__What is being asked__. The result should be the lines from the one holding "Prägeartiger islamischer Allah-Entwurf" to the end of the records below, repeated exactly. No pictures.

(Excerpted data Opens)

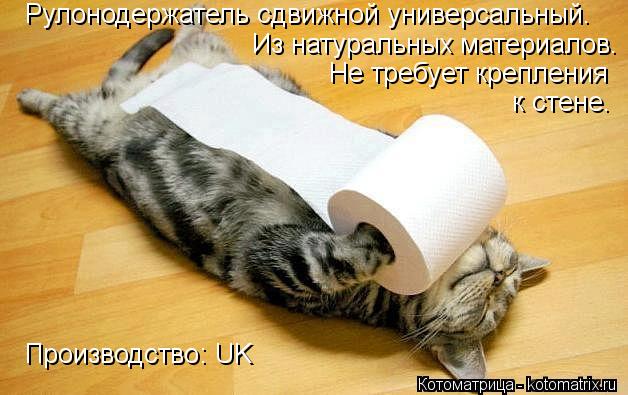 Рулонодержатель сдвижной универсальный. Из натуральных материалов. Производство: UK Не требует крепле... Котоматрица: Рулонодержатель сдвижной универсальный. Из натуральных материалов. Производство: UK Не требует крепления к стене.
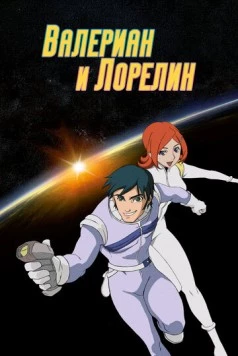 Постер: Валериан и Лорелин (2007)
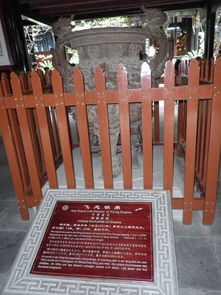 飛龍鐵鼎與鼎龍木業(yè) 傳統(tǒng)工藝與現(xiàn)代木業(yè)的融合創(chuàng)新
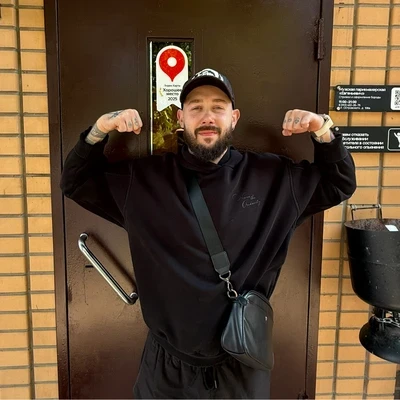 Евгеньевич Александр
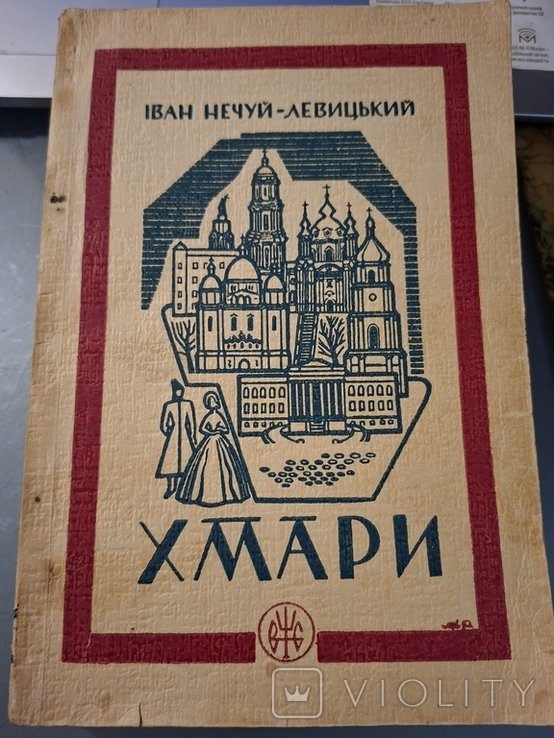 НечуйЛевицький. Хмары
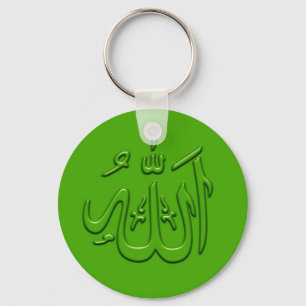 Prägeartiger islamischer Allah-Entwurf Schlüsselanhänger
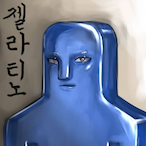 owrdn's Avatar'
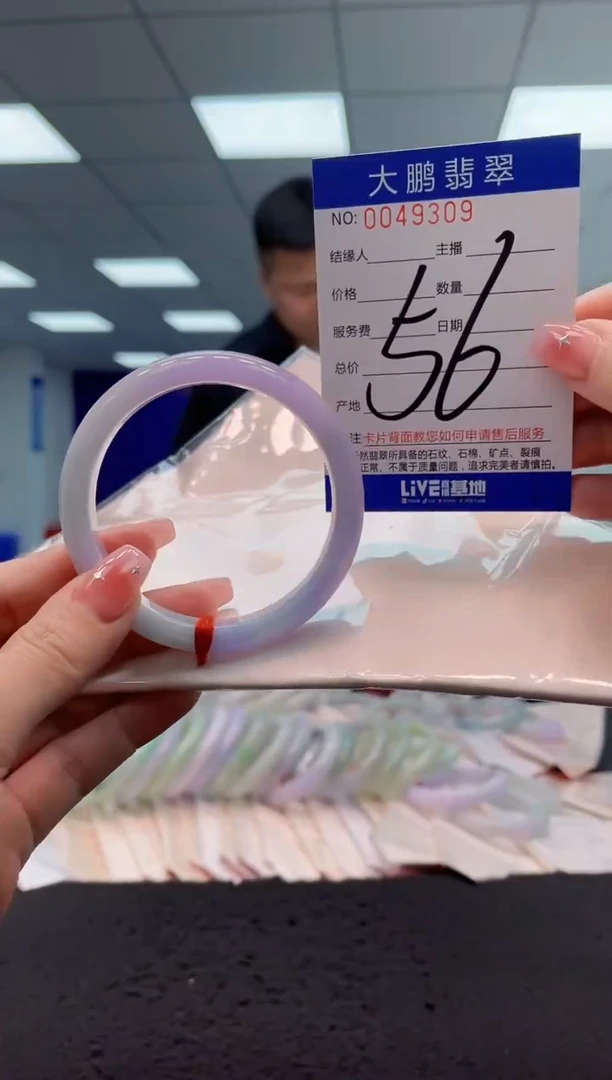 【闪购商品】翡翠手镯未镶嵌AAAAAAAAAA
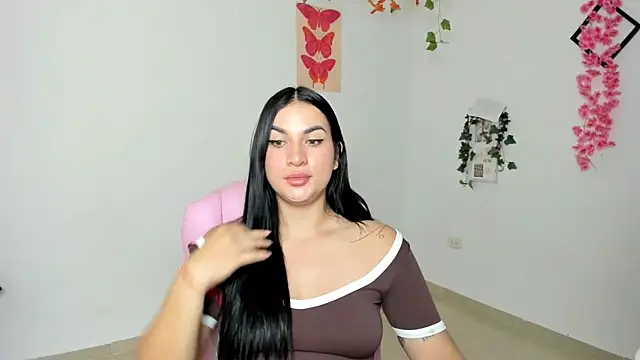 Snapshot of Emic_ chatting on 7, 2, 2026 Emic online show from 7, 2, 2026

(Excerpted data Closes)

__Solution for this problem__.
 Prägeartiger islamischer Allah-Entwurf Schlüsselanhänger
 owrdn's Avatar'
 【闪购商品】翡翠手镯未镶嵌AAAAAAAAAA
 Snapshot of Emic_ chatting on 7, 2, 2026 Emic online show from 7, 2, 2026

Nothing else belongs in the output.